Unconvinced, Cedar watches me for a moment but holds his tongue. When I keep my expression blank and say nothing, he goes back to dressing. My stomach sinks as he pulls a shirt down to cover those beautiful tattoos.
It takes too much effort to drag myself out of his bed and pull my clothes on so I can leave when he does.
The morning is brisk and I cross my arms again for warmth. Birds chatter and squirrels fuss in the branches above us. My emotions are a cacophony of sadness, regret, and frustration all competing for my focus alongside nature’s morning choir.
When Heath’s cabin comes into view, Cedar pauses. “I’ll be in the garden,” he says simply, raising my hand to kiss across the knuckles. “Will I see you later?”
“I’ll try.” It feels untrue.
The soft lines around his eyes almost shatter me. He draws me closer and kisses my lips softly. My body wants to cling to him and my heart aches. He is everything I don’t deserve.
“I’d like more time to say goodbye,” he murmurs into my hair. “But just in case, please know the last few days with you were everything to me.”

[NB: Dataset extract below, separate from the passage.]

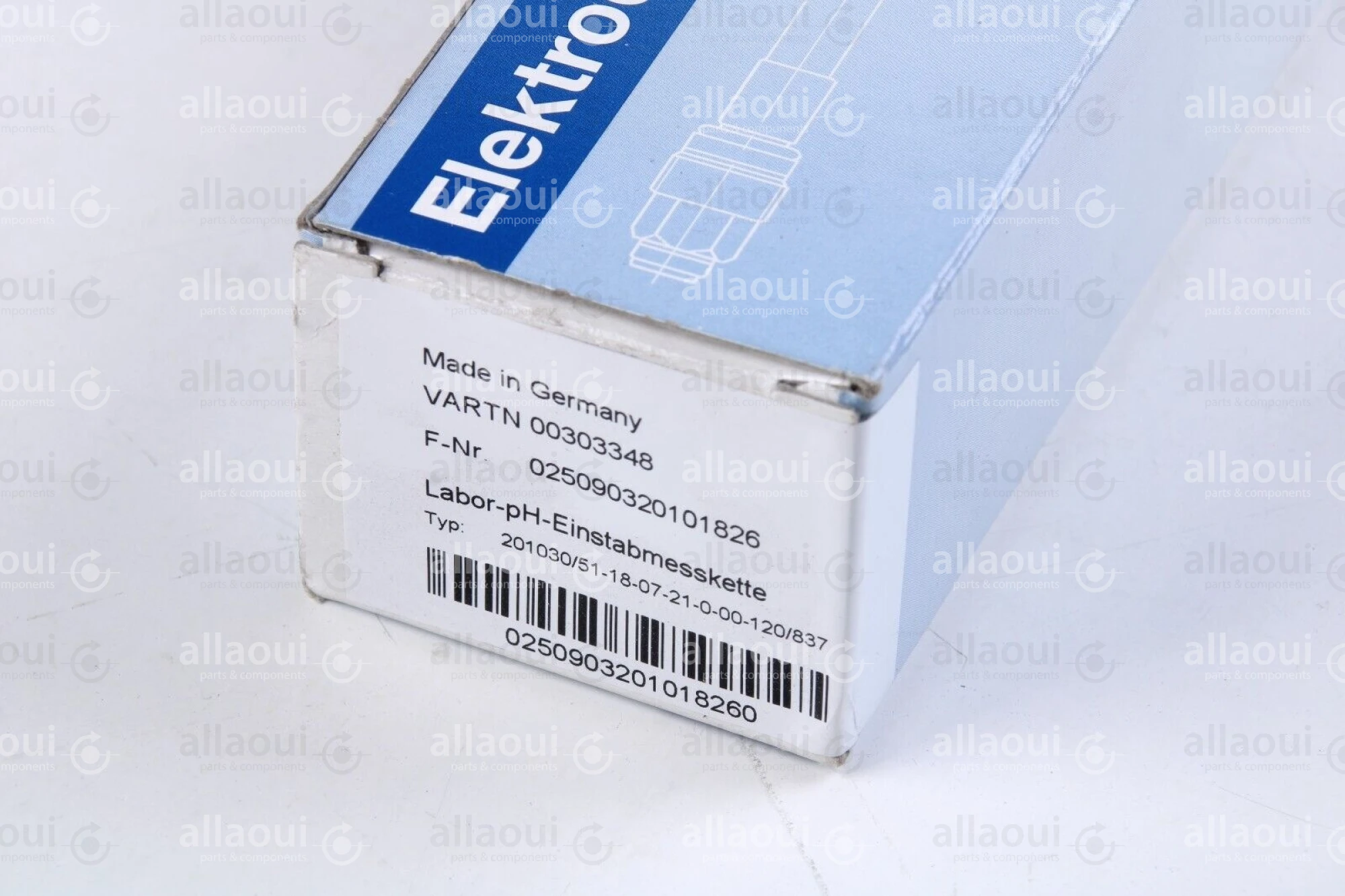 Jumo GmbH Single Rod Measuring Cell VARTN 00303348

There is no response that would be adequate after that declaration. My heart flutters in my chest and my eyes sting. I turn, seeking him, and our lips meet in another slow kiss. The kind of kiss that bleeds emotion. It’s the only way I can tell him how I feel about him.
Too soon, the sounds of a community waking around us destroys our peaceful moment. I unclench my fingers and release the collar of his shirt. His fingers slip out of my hair.
“Goodbye, Cedar,” I whisper.
Those stormy eyes search mine, before he kisses my forehead and walks away. Part of me wants to race after him, fling myself into his arms, and hold tight like a baby monkey. But I can’t.
My steps are stiff as I follow the familiar path back to Heath’s cabin. The door squeaks as I push it open and step into the cheery kitchen.
“Good morning,” my uncle says, looking up from his phone. A half-eaten plate of eggs sits on the table along with a mug of black coffee.
“Morning,” I say, cringing as I wait for his questions about where I’ve been. They never come.
After a few moments of silence, Heath looks up again and raises one brow. “Is everything okay?”
Exhaling, I straighten and force the words out. “I think it’s time I go home.”
“What makes you say that?” Setting his phone down, Heath takes a drink from his mug, his eyes never leaving me. He’s calm and collected, but there’s an intensity about him that churns my stomach.
“I’ve got the whole plant magic thing under control, and I can’t take more time off work. Not if I want to pay my bills.”
“I understand.” There is none of the resistance that I secretly hope for. “I’ll miss you, but you’ll come back to visit soon, right?”
“Of course. Maybe in the fall before the holidays hit.”
“Sounds like a plan. Let me know possible dates and we will be ready for you.” He leans forward, hands draped casually across the table. “I’m happy to help, Aurora. It would be my privilege, and well worth the cost if you can come visit more often. Maybe you could take the whole winter off from the hotel and stay longer.”
“I really appreciate that. I’ll think about it.”
He releases me from his attention and my body relaxes. “Well, I’m going to go get my stuff together.”
“Need help?”
“I’m good.” With an awkward wave, I slip out of the kitchen and into the small secondary bedroom.
My paintings are carefully stacked against the far wall and the newest one stares back at me. Cedar’s beautiful wolf surrounded by his beloved garden. There’s a vibrancy in the painting I can’t take credit for. Even without the details finished, it’s bursting with life. It would be an excellent centerpiece for my next show, but I feel guilty taking it with me. Something so authentic deserves to stay here.
With reluctant hands, I wrap it and set it aside to give to Cedar. A parting gift so he remembers me. Maybe it’s cruel toleave him with a reminder of the girl who fell for him and then ran away, but I can’t help myself.
Possessions packed, I look around the cozy little room. A sense of finality sinks into my bones. Even though I have every intention of returning to visit, it won’t be the same as this first time.
Leaving hurts, and my instinct is to grit my teeth and speed through it with my head down. The sooner I return to my normal life, the sooner this will fade away and be a happy, warm memory. The thought stings.
Bag slung over my shoulder, I detour to Cedar’s cabin and lean the painting against the door frame. He’ll find it later and I can avoid his sad puppy dog eyes.